(Extracted data entries)
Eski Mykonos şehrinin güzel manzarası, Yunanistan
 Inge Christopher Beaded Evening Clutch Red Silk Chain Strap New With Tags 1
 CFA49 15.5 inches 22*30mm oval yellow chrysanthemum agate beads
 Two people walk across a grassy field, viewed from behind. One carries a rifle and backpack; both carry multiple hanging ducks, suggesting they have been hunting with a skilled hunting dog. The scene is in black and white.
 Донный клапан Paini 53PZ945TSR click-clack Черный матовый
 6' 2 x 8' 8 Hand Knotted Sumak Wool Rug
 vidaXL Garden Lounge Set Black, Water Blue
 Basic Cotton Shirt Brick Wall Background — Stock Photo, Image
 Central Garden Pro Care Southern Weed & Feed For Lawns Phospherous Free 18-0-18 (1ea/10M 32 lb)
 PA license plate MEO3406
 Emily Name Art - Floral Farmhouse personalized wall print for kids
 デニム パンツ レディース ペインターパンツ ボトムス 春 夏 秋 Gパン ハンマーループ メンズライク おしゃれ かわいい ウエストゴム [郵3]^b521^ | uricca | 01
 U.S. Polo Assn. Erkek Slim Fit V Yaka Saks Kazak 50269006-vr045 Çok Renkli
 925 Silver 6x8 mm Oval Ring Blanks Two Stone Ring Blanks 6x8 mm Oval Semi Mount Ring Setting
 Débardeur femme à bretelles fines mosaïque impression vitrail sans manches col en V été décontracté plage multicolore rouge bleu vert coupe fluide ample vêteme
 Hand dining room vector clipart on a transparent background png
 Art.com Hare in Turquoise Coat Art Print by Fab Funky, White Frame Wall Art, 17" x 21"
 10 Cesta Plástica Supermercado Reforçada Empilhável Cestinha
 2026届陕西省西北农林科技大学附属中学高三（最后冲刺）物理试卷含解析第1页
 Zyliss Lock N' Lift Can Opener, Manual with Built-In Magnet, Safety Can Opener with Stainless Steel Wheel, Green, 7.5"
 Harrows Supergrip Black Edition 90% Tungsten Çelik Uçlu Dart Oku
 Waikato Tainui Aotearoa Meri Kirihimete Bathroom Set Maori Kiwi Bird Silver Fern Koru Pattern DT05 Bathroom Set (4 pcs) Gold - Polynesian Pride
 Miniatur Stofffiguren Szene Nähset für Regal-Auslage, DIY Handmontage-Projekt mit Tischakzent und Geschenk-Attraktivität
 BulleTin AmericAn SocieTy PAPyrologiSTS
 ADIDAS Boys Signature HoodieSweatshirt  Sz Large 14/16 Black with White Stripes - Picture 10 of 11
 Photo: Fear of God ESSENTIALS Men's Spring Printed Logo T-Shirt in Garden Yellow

Action item —
With "Silver" as the word to match, copy each line of the records that has it.

Result below —
 925 Silver 6x8 mm Oval Ring Blanks Two Stone Ring Blanks 6x8 mm Oval Semi Mount Ring Setting
 Waikato Tainui Aotearoa Meri Kirihimete Bathroom Set Maori Kiwi Bird Silver Fern Koru Pattern DT05 Bathroom Set (4 pcs) Gold - Polynesian Pride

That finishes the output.